*** Begin section ***

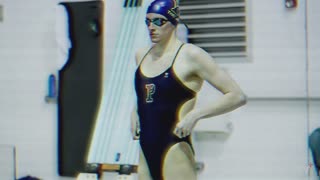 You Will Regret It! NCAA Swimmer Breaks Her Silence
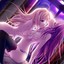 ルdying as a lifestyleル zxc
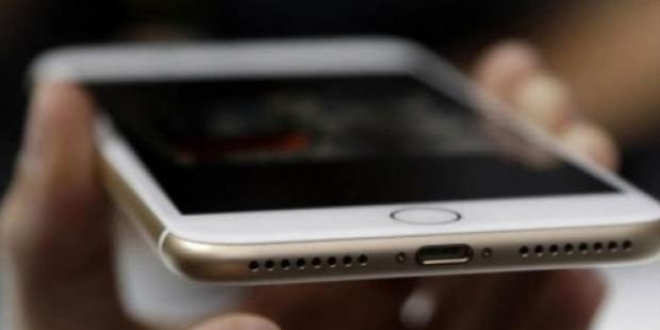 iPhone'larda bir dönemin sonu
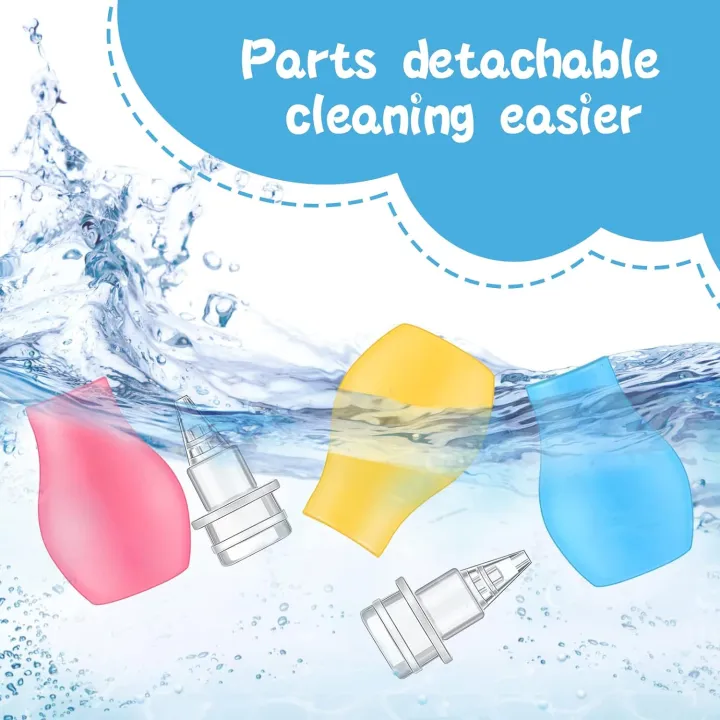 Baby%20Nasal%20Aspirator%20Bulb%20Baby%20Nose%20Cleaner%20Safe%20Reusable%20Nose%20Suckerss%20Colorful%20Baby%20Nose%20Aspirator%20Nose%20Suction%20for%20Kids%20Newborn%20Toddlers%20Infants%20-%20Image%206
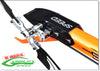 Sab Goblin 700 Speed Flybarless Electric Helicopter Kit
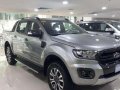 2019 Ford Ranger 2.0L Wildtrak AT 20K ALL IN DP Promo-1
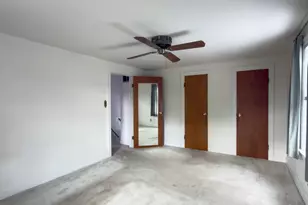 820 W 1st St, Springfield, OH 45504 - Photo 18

*** End section ***
*** Begin section ***

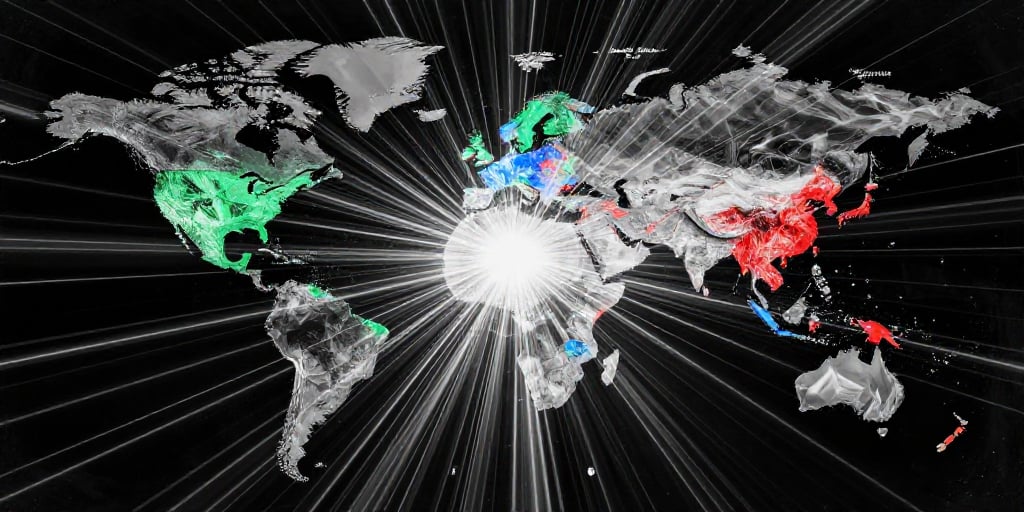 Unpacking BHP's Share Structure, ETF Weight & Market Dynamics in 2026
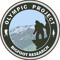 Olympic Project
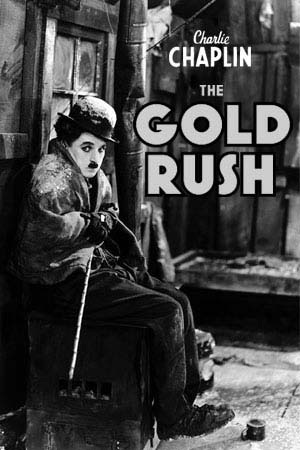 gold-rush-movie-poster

*** End section ***
*** Begin section ***

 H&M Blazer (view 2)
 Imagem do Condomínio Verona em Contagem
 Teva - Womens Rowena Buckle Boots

*** End section ***

◆ **Exercise brief**:
Would you transcribe the lines above exactly, going from the line bearing "You Will Regret" through the line bearing "820 W 1st St, Springfield, OH", and drop the pictures from the copy?

◆ **Task response**:
 You Will Regret It! NCAA Swimmer Breaks Her Silence
 ルdying as a lifestyleル zxc
 iPhone'larda bir dönemin sonu
 Baby%20Nasal%20Aspirator%20Bulb%20Baby%20Nose%20Cleaner%20Safe%20Reusable%20Nose%20Suckerss%20Colorful%20Baby%20Nose%20Aspirator%20Nose%20Suction%20for%20Kids%20Newborn%20Toddlers%20Infants%20-%20Image%206
 Sab Goblin 700 Speed Flybarless Electric Helicopter Kit
 2019 Ford Ranger 2.0L Wildtrak AT 20K ALL IN DP Promo-1
 820 W 1st St, Springfield, OH 45504 - Photo 18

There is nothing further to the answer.